Стервоза, подумал Федор о жене, но подумал с нежностью.
– Славная какая! – искренне сказала Катя, любуясь девчушкой. – Сколько ей?
Федор не мог вспомнить.
– Ты все такой же! – засмеялась Катя.
За столом она обмолвилась об этом, а Лида с ожесточением бросила:
– Да он во всем такой! Маша, ты показала рисунки? Где ты там?
– Она сейчас дорисует и покажет, – сказал Федор.
– Спать ей уже пора, – буркнула Лида, – а не рисунки рисовать. Маша! Неси уж, демонстрируй!
Выскочила Маша с рисунками из своей комнаты.
– Какие рисунки! – воскликнула Катя. – Корабль? И еще корабль! И еще! И все с парусами? Это деда на таком ездит?
– Ходит, – поправила ее Маша. – Да, у него корабль с парусами.
– А ты ездила на нем? Ходила?
– Да.
– И он с парусами?
– Да. А еще пушки. И бушприт.
– Она вся в тебя, – Катя положила Федору руку на плечо.
– А лицом и фигурой в меня, – сказала Лида.
– Постой, а что тут за цветы на корабле?
– Там каюта.
– С цветами?
– Да, с цветами. Цветы любит Изабелла.
– Изабелла? Изабелла – что-то я слышала о ней? – Катя взглянула на Федора, но тот никак не отреагировал на ее вопрос.
– Да, дедушка спас ее. Он отбил ее у пиратов и женится на ней.
– Так он же уже женат! – «Же-же-же, – подумала Катя. – Надо без же». – На твоей бабушке.
– Нет, это так, а там специальный брак…
– Пиратский брак на пиратском барке, – поддакнул дедушка. Поизящней, чем же-же-же.
– Не простой, как у всех советских людей. Там ничего такого нет, ни дома, ни шкафа, там Изабелла выходит на палубу, протягивает руки вперед и произносит заклинания: «Кадите мне. Цветы рассыпьте. Я в незапамятных веках была царицею в Египте. Теперь – я воск. Я тлен.

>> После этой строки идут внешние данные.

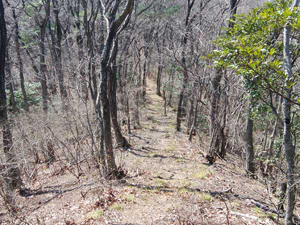 山頂からの登山道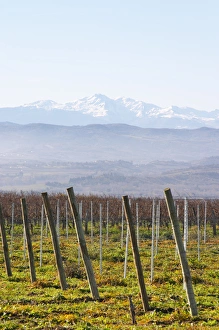 Images Dated 11th December 2006: View over the snow capped Pyrenees mountains. Chateau Rives-Blanques. Limoux. Languedoc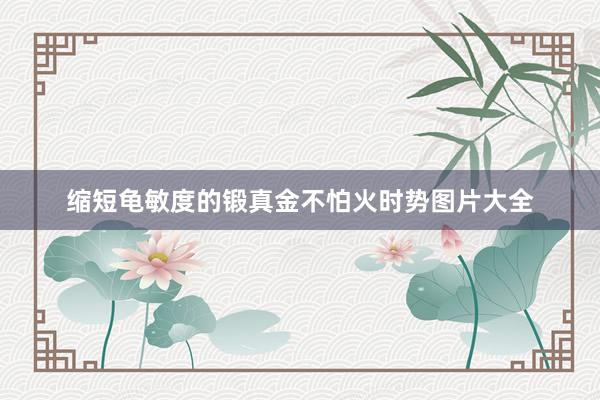 缩短龟敏度的锻真金不怕火时势图片大全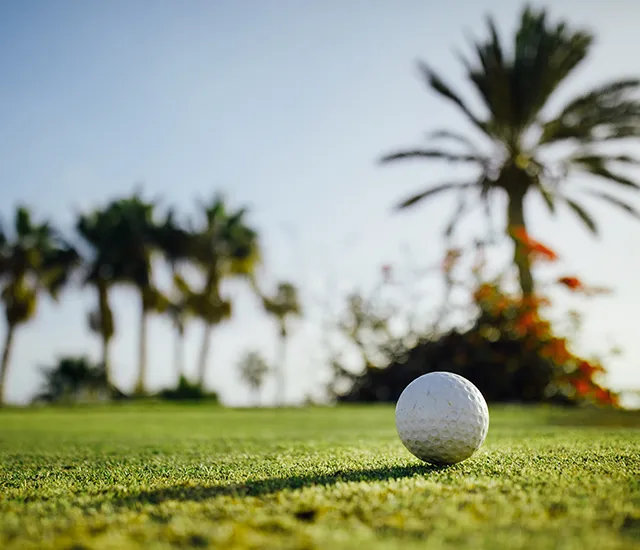 Golf ball on grass with palm trees in the background.
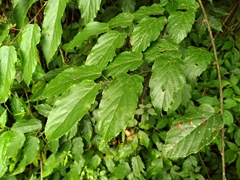 Rubus kawakamii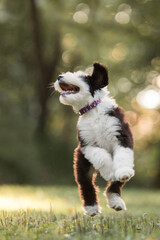 old english sheepdog puppy jumping in the grass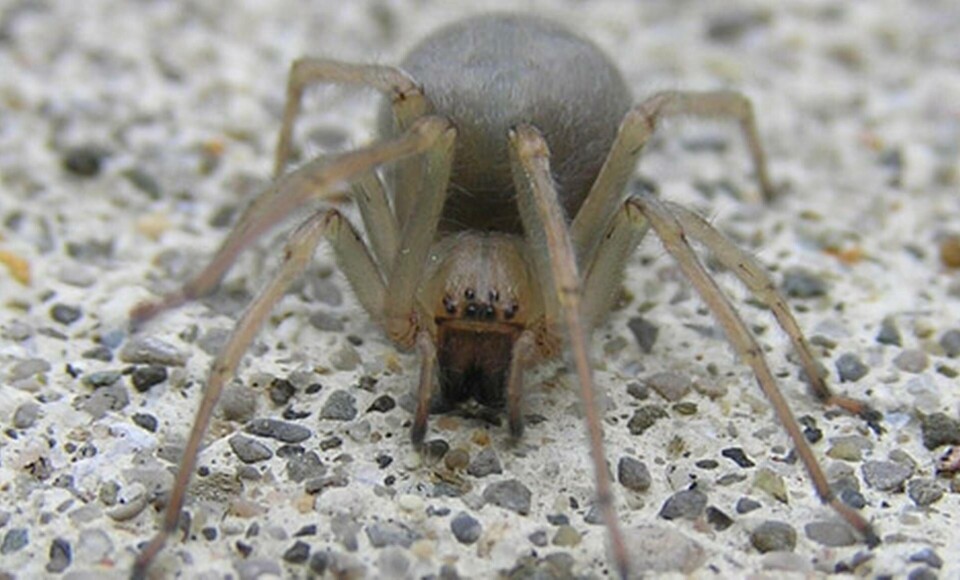 Cheiracanthium inclusum heter spindeln som ställer till problem. Cheiracanthium inclusum heter spindeln som ställer till problem.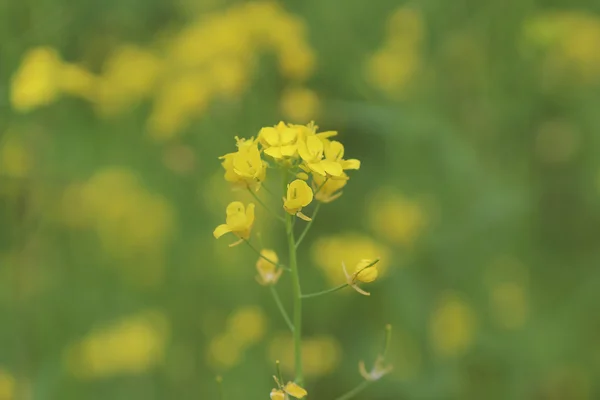 ソフト フォーカスは、黄色の花のクローズ アップ — ストック写真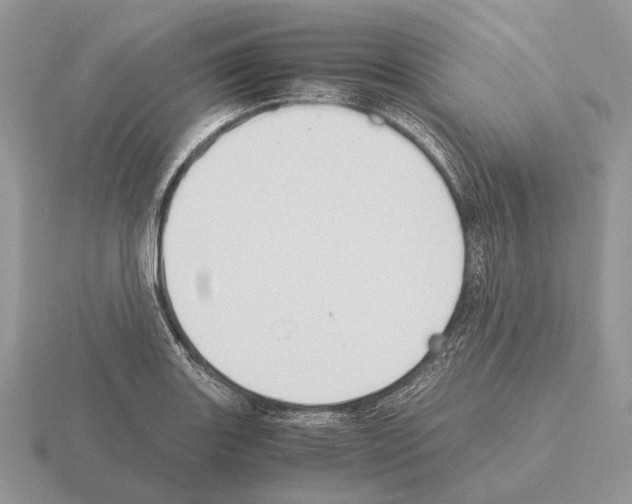 X0000115391131200912151454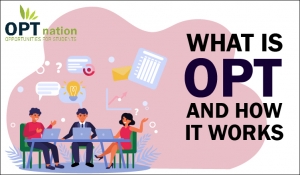 What is OPT What is OPT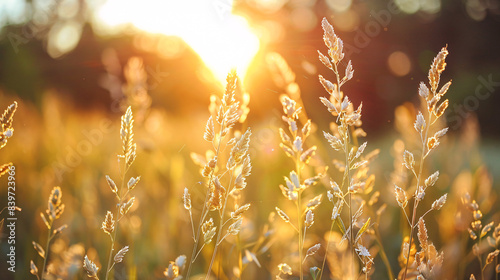 sunset in the field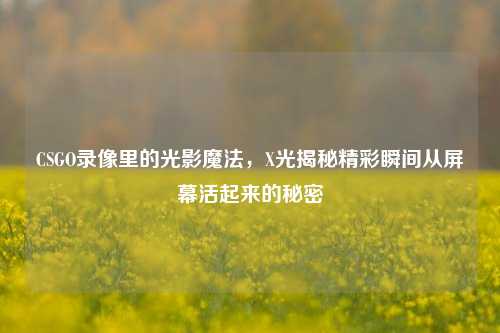 CSGO录像里的光影魔法,X光揭秘精彩瞬间从屏幕活起来的秘密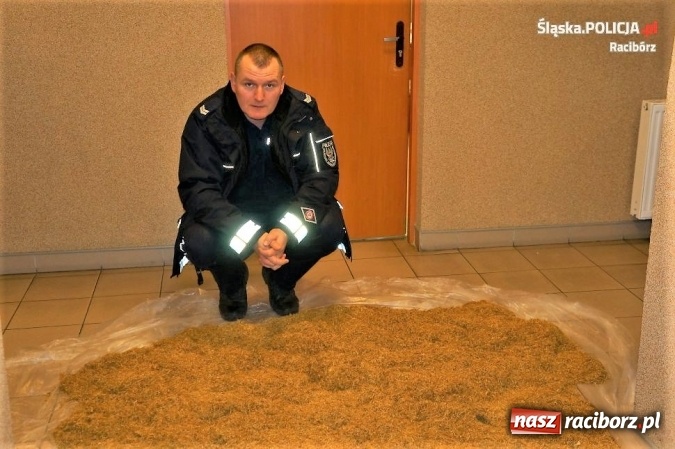 Zdjęcie w galerii na portalu naszraciborz.pl: Policjanci znaleźli kilkadziesiąt kilogram&oacute;w krajanki tytoniowej u mieszkańca powiatu raciborskiego wiadomości z regionu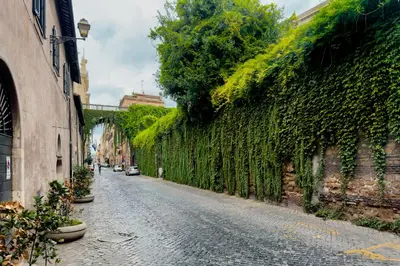 an alley with ivy on the side of a building at Monserrato Charme Apartment - Campo dei Fiori in Rome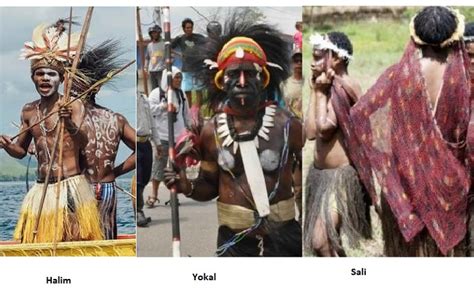 Pakaian Adat Papua Keunikan Penjelasan Dan Gambarnya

Я прах».
– Да, Федя, – только и произнесла Катя.
– Вот так и живем, – вздохнула Лида.
Тут в дверь позвонили, и постучали, и вошла в сопровождении «парней» и «девок» Анна Семеновна. Она была все в том же малиновом кимоно с черным драконом.
– Явление третье, – сказала Катя и подмигнула Федору. – Те же и в малиновом берете.
– Ой, малиновая какая! – вскрикнула Маша. – Красивая!
– Краше в гроб кладут, – буркнула Лида.
– Сейчас мы сыграем водевиль! – распорядилась Анна Семеновна. – Декорации не нужны, декорации к черту! Сценой будет квартира капитана! Пол, стены, окно. Лена и Юля – туда, Петров – рядом, Гена – ложись на диван.
– Музычка не нужна? – поинтересовался Дрейк.
– Ничего. Сбренчим на губах. Тазик, разве что, или сковородку, да пару ложек.
– Это Федор Иванович дал вам наш адрес? – спросила Лида.
– Что вы! Его знает весь город! На углу у троих спросила, где живет капитан Дрейк? И все трое: Гончарная, дом шесть, фон линкс со двора.
– Водевиль одноактный? – спросила Катя.
– Трех! Летит как песня! За пару часов сбацаем!
Федор посмотрел на часы, потом на внучку.
– Маша, тебе спать пора.
– Иди, иди, девочка, – ласково сказала ей Анна Семеновна. – У тебя есть своя комнатка? Спи, моя славная, дай я тебя поцелую. Вот так. Маленькие дети – прелесть! Мои сволочи уже такими не будут!